Workers' provident fund dues to get priority under company liquidation
SC has ruled that workers' provident fund dues would get priority over payments to secured creditors when a company is liquidated
The ruling is welcome. It would put money where the mouths that need it really are.
The court has interpreted conflicts arising from two laws — Employees' Provident Fund and Miscellaneous Provisions Act and the Companies Act — to protect workers’ interests.
It says “the mere ranking of dues of workers on par with debts due to secured creditors cannot lead to an inference that Parliament intended to create the first charge in favour of secured creditors and give priority to debts due to secured creditors over the amount due from the employer under the EPF Act”.
A liberal interpretation is in order, even if it is open to debate and questions the sanctity of legal contracts.

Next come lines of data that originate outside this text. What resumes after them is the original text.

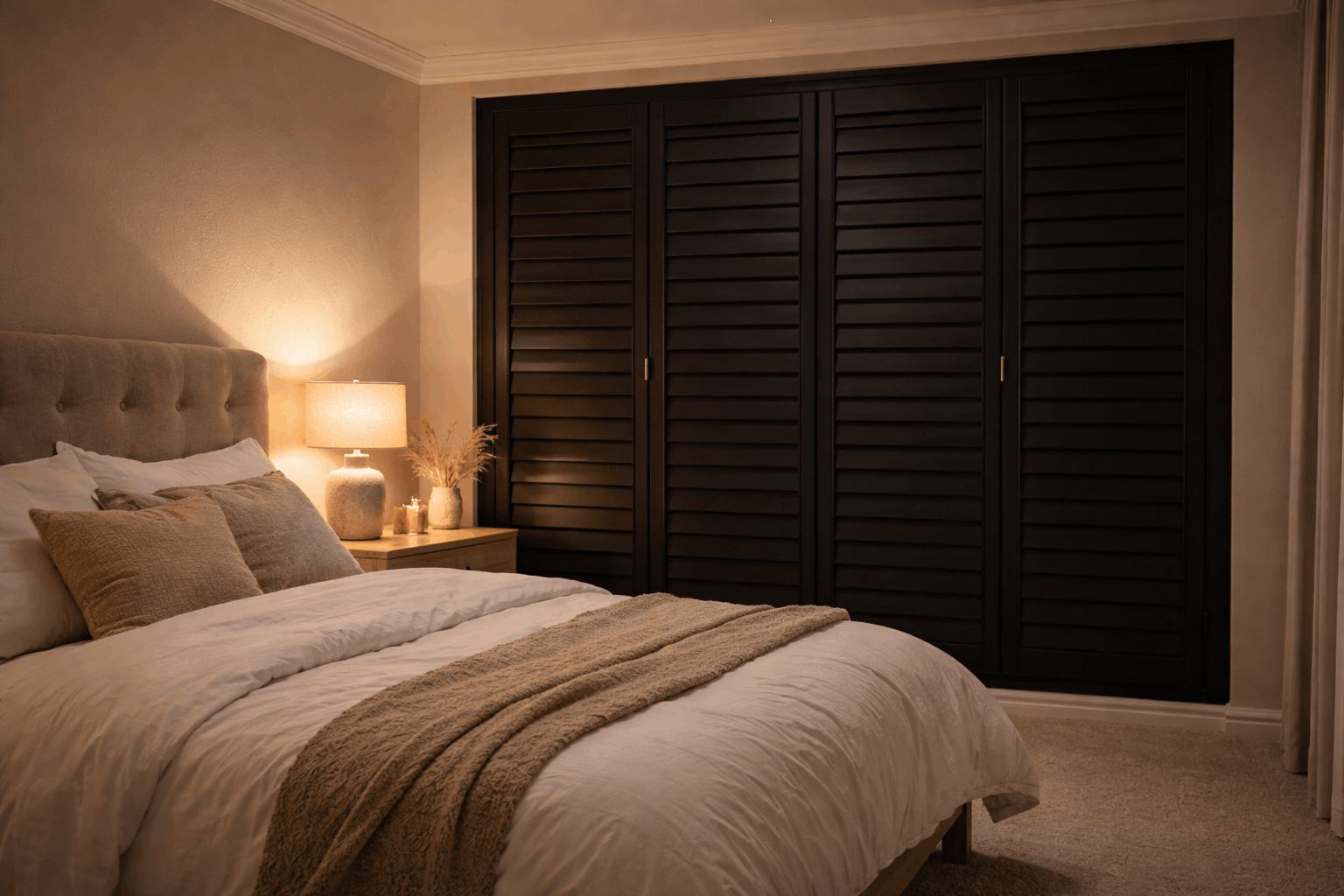 plantation shutteres instaled in bedroom for better isulation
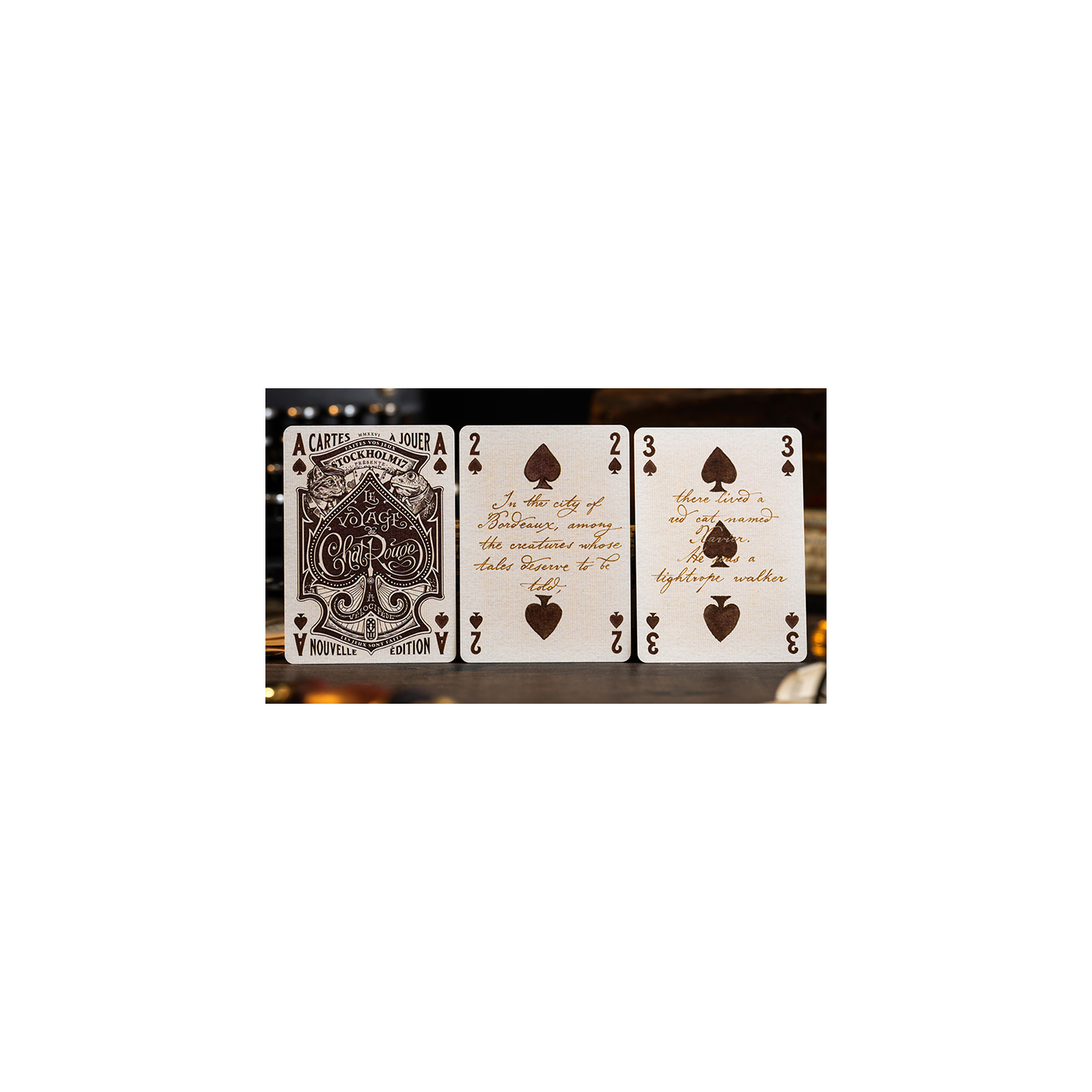 Le Voyage Du Chat Rouge Playing Cards by Stockholm17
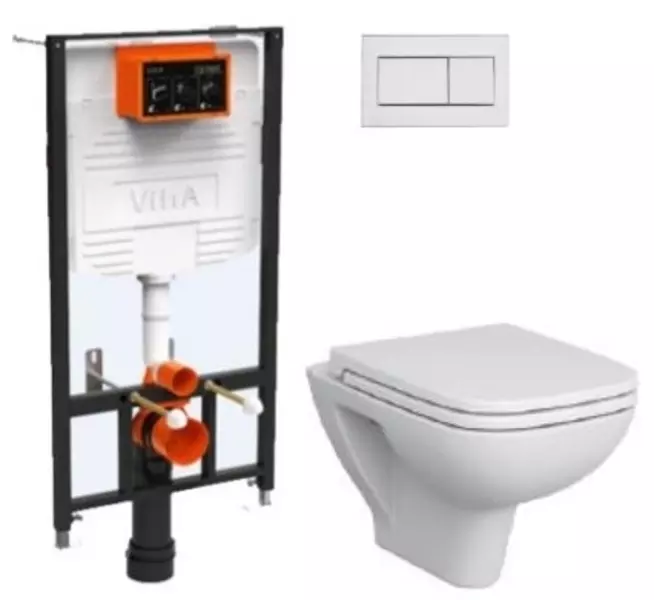 Комплект инсталляция с унитазом, крышкой и кнопкой смыва «Vitra» S20 9004B003-7207 безободковый белый
Комплект инсталляция с унитазом, крышкой и кнопкой смыва «Vitra» S20 9004B003-7207 безободковый белый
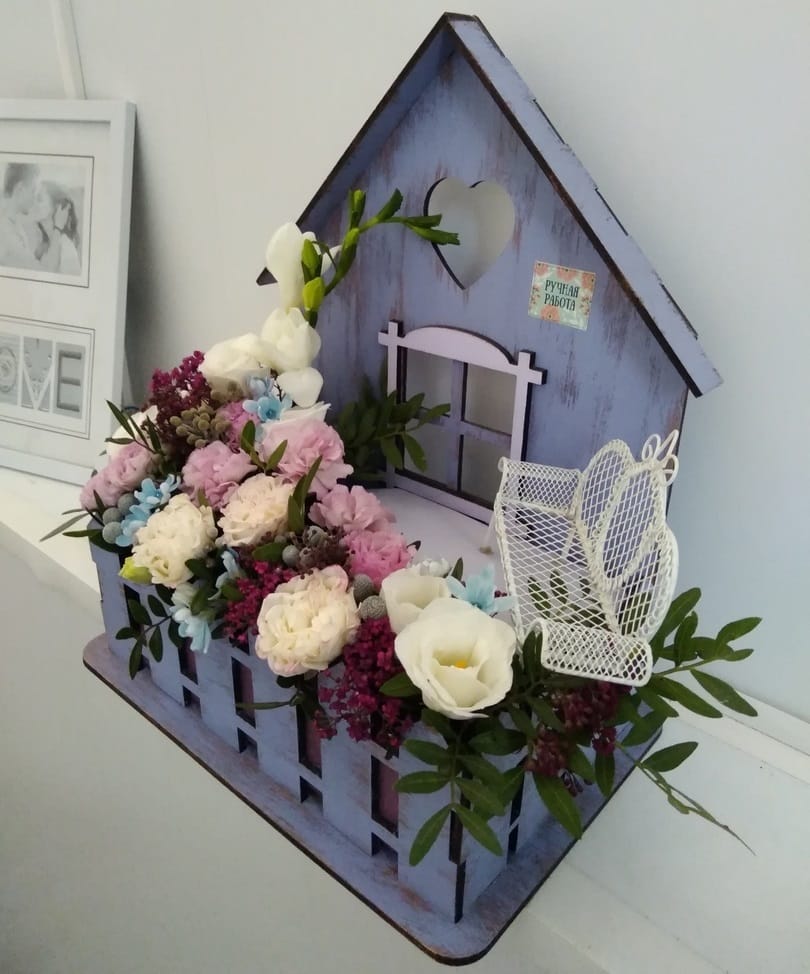 House for Flowers Plywood Basket Laser Cut File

A quarter of workers’ earnings are mandatorily diverted to the EPFO.
But they are not responsible for decision-making in a company. EPF dues are a source of their livelihood when the company goes bust.
Also, workers, as the apex court has rightly held, contribute to human capital and growth of the industry. Of course, secured creditors such as banks and financial institutions also contribute to the capital of a company.
However, these institutions are in a position to assess the credentials of a company before sanctioning a loan. Due diligence is needed to ensure that they do not lend to unviable companies.
Hence, giving first priority to banks and financial institutions when the assets of a sick company are sold is not logical.
It should also trace workers whose accounts have become inoperative and pay them their dues. The EPFO should also allow them to freely migrate to the National Pension System that generates higher returns.